I realized that arg_list might be quite large if the large_file is very large. I am not sure if there is enough free memory for it. Then I tried to use yield generator instead of just a python list as Code example 2, which runs normally but does not generate anything. Code example 2:

from concurrent.futures import ProcessPoolExecutor
import pandas as pd
from collections import OrderedDict
import os

def process(args):
    parm1, parm2, parm3, output_file = args
    scores = []
    # do something with scores...
    if parm1:
        scores = [parm2, sum(parm3)]
    else:
        scores = [parm2/len(parm3), sum(parm3)/len(parm3)]
    # create result
    result = '\t'.join(scores) + '\n'
    output_file.write(result)

def main(large_file_path, output_path, max_processes):
    #do something ...
    with open(large_file_path, 'r') as large_file, open(output_path, 'w') as output_file:
        def arg_generator(large_file, output_file):
            parm1, parm2, parm3 = False, 0, []
            for line in large_file:
                if line.startswith('#'):
                    continue
                else:
                    # do something to update parm1, parm2, parm3...
                    data = line.strip().split('\t')
                    parm1 = data[0] > 0
                    parm2 = data[1]
                    parm3 = data[2:]
                    # yield
                    yield (parm1, parm2, parm3, output_file)
        with ProcessPoolExecutor(max_processes) as executor:
            executor.map(process, arg_generator(large_file, output_file), chunksize=int(max_processes/2))

if __name__ == "__main__":
    large_path = "/path/to/large_file"
    output_path = f"para_scores.txt"
    max_processes = int(os.cpu_count()/2)# Set the maximum number of processes

    main(large_path, output_path, max_processes)

I ran the code on a ubuntu 20.04.6 LTS server, python 3.9.18.

So can ProcessPoolExecutor work with yield generator in Python?
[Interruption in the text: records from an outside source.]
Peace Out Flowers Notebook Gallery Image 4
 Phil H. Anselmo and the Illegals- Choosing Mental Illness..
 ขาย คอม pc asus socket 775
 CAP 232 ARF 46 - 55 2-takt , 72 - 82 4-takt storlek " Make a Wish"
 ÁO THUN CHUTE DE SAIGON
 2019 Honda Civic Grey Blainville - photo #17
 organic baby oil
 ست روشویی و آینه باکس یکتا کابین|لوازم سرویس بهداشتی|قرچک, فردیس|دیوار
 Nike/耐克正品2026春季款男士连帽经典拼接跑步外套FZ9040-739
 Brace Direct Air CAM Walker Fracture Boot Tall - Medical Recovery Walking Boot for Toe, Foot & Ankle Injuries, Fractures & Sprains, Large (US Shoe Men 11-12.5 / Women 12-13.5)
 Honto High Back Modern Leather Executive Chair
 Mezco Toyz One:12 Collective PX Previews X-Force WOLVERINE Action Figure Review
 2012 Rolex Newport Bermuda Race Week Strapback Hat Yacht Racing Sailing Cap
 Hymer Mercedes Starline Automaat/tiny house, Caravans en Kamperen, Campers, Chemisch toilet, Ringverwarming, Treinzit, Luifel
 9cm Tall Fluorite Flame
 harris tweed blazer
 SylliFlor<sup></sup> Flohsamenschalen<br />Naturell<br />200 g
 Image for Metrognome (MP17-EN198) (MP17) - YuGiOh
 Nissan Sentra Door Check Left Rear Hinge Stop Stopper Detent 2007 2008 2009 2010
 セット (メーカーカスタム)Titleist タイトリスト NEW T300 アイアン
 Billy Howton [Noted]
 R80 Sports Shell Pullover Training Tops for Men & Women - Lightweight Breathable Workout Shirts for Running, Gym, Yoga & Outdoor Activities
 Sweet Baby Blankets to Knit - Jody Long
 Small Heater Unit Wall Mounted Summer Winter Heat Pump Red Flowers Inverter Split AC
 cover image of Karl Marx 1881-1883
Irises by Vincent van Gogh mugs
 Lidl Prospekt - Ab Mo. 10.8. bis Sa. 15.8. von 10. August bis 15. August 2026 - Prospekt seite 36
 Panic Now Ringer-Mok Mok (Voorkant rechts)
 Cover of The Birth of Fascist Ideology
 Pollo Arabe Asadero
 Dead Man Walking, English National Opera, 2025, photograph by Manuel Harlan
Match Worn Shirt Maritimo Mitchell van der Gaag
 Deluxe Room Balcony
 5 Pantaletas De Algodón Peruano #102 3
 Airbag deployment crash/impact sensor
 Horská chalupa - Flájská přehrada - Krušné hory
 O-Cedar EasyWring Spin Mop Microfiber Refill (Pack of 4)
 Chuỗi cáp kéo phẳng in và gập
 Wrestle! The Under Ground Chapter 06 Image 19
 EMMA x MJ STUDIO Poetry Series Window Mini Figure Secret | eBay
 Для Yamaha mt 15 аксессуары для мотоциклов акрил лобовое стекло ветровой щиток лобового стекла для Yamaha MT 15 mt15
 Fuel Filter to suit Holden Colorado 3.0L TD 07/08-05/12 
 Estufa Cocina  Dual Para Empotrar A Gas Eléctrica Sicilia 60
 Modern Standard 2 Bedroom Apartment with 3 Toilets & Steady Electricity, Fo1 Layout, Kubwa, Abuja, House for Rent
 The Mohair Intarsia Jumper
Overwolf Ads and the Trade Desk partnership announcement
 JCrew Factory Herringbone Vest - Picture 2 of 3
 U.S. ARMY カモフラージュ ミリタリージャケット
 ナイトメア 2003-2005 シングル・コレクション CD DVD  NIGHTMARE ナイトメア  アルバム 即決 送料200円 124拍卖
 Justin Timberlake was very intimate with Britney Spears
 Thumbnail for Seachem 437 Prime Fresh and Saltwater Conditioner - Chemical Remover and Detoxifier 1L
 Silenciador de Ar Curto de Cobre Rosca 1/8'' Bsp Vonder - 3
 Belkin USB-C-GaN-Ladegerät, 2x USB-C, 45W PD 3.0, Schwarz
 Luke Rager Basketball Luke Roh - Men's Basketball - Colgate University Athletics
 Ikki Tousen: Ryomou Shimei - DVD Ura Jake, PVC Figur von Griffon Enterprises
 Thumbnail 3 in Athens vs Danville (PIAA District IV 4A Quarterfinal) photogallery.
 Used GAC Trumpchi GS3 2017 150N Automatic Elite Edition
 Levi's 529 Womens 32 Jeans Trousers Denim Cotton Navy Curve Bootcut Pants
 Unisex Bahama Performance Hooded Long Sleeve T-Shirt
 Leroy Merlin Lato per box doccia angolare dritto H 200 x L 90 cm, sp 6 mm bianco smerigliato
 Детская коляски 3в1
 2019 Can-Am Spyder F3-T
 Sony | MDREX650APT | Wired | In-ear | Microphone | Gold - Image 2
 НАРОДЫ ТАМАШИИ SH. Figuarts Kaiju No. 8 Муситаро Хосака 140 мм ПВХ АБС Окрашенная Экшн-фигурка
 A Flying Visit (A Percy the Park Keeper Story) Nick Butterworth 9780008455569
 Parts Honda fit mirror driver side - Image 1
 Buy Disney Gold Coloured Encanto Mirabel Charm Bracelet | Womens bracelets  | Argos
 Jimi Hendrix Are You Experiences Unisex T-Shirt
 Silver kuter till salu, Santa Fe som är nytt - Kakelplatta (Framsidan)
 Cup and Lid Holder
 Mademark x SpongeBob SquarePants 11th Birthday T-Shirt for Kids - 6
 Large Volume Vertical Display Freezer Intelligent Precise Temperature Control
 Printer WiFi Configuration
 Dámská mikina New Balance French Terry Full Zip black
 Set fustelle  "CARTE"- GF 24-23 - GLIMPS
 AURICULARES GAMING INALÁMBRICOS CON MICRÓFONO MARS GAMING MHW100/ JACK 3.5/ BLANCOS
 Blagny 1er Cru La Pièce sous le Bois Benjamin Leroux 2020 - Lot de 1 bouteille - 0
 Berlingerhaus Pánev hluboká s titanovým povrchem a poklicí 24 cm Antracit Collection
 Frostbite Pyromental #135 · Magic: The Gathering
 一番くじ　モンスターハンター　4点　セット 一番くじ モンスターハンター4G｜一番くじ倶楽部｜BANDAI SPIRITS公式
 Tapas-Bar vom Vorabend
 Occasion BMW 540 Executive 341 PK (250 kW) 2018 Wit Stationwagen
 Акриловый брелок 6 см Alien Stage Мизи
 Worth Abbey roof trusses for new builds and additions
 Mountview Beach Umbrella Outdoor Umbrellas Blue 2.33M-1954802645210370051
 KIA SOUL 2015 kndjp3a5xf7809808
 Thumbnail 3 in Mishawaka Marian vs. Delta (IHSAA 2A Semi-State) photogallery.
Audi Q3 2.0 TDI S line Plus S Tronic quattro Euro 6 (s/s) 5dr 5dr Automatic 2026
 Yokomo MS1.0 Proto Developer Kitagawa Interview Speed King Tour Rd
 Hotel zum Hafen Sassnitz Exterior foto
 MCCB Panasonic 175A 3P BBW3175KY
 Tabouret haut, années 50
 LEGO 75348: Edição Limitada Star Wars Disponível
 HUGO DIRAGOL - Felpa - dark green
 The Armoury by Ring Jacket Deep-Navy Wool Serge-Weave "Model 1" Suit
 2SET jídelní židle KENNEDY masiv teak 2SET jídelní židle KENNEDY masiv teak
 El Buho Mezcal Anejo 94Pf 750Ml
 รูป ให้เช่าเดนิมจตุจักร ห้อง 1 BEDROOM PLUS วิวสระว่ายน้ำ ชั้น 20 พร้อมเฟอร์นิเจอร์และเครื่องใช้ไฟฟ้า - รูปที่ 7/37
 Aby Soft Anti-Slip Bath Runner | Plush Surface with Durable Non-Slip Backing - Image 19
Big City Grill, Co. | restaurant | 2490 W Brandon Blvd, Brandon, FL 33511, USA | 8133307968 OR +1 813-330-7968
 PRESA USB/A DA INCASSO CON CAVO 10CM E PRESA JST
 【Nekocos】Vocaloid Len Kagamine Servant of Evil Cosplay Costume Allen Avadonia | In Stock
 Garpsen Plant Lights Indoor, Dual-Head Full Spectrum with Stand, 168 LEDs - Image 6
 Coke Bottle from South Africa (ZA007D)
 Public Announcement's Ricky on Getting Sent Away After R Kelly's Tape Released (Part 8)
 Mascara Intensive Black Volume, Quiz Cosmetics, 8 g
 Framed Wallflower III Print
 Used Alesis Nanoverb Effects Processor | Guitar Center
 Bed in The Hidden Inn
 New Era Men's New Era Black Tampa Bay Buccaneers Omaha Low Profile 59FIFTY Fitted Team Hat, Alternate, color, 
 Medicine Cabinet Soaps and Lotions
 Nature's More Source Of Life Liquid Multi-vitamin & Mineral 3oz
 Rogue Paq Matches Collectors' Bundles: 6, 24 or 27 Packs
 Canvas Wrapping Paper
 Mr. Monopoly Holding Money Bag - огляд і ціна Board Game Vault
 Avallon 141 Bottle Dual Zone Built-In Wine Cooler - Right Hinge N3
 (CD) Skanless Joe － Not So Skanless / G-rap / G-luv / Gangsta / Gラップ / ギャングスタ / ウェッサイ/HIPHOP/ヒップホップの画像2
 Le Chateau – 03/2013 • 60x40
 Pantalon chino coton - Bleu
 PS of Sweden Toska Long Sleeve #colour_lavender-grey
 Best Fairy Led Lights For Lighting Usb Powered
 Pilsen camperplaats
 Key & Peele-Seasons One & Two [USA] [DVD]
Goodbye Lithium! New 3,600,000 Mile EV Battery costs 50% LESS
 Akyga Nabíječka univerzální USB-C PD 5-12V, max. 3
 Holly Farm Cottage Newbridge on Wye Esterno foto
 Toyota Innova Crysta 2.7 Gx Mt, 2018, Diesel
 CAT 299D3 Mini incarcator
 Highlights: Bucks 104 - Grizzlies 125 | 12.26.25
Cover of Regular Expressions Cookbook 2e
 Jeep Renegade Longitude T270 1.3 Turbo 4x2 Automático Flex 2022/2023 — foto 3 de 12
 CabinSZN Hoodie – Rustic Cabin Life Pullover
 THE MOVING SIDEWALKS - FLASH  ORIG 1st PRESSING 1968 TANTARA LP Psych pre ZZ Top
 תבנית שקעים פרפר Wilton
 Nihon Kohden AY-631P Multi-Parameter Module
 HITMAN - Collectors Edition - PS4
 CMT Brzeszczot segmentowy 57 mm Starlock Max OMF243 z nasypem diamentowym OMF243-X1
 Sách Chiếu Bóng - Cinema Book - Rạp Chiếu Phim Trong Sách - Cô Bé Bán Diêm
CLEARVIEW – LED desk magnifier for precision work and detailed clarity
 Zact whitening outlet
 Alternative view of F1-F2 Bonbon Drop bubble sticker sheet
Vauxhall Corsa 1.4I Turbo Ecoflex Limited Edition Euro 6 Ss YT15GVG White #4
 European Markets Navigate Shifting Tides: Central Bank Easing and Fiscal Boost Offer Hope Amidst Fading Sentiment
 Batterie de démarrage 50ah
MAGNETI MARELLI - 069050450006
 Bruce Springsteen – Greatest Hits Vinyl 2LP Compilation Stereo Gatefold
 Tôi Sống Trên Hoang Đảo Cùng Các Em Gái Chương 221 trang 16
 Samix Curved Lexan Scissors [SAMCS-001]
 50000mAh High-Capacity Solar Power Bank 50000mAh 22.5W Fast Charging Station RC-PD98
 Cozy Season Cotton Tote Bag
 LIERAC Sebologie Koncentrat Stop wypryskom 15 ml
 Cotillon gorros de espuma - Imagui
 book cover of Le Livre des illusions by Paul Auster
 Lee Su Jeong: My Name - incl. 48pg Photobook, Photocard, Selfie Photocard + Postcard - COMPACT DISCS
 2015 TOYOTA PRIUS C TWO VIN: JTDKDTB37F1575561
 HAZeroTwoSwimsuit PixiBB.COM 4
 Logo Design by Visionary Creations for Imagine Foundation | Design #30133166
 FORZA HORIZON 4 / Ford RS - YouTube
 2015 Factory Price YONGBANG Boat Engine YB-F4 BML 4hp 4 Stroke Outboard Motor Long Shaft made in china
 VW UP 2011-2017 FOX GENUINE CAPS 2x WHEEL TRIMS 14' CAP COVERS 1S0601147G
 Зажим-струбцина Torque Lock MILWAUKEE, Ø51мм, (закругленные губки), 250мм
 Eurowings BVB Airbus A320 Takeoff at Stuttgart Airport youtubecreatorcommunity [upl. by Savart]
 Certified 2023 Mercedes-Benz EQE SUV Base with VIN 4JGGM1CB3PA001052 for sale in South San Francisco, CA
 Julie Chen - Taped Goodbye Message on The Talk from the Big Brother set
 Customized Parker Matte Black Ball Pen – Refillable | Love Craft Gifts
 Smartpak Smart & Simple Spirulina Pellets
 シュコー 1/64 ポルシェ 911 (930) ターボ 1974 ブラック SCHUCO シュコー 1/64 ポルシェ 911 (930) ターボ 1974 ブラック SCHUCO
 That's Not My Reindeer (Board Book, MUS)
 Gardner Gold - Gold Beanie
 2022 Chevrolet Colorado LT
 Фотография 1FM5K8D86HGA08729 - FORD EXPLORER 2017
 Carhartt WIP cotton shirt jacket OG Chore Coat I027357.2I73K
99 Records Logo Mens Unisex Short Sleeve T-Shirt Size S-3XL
Or the use of executor.map is problemmatic? What should I do to make it work?


Solution

  • Yes it can. Here's an example:

    from concurrent.futures import ProcessPoolExecutor
    
    
    def process(x):
        print(x * 2)
    
    
    def gen():
        for i in range(3):
            yield i
    
    
    def main():
        print('starting')
        with ProcessPoolExecutor() as executor:
            executor.map(process, gen())
        print('done')
    
    
    main()
    

    Output:

    starting
    0
    2
    4
    done
    

    The processes don't know where their arguments came from, they recieve individual items, not the entire generator. Using a generator makes no difference.

    However, trying to pass an open file handle does seem to weirdly break things:

    from concurrent.futures import ProcessPoolExecutor
    
    
    def process(f):
        print('processing', f)
    
    
    def main():
        print('starting')
        with open('path_to_file.txt') as f:
            with ProcessPoolExecutor() as executor:
                executor.map(process, [f])
        print('done')
    
    
    main()
    

    The output is missing the 'processing':

    starting
    done
    

    Rather pass the filename as a string to each process. Use a different filename for each process so that they don't overwrite each other.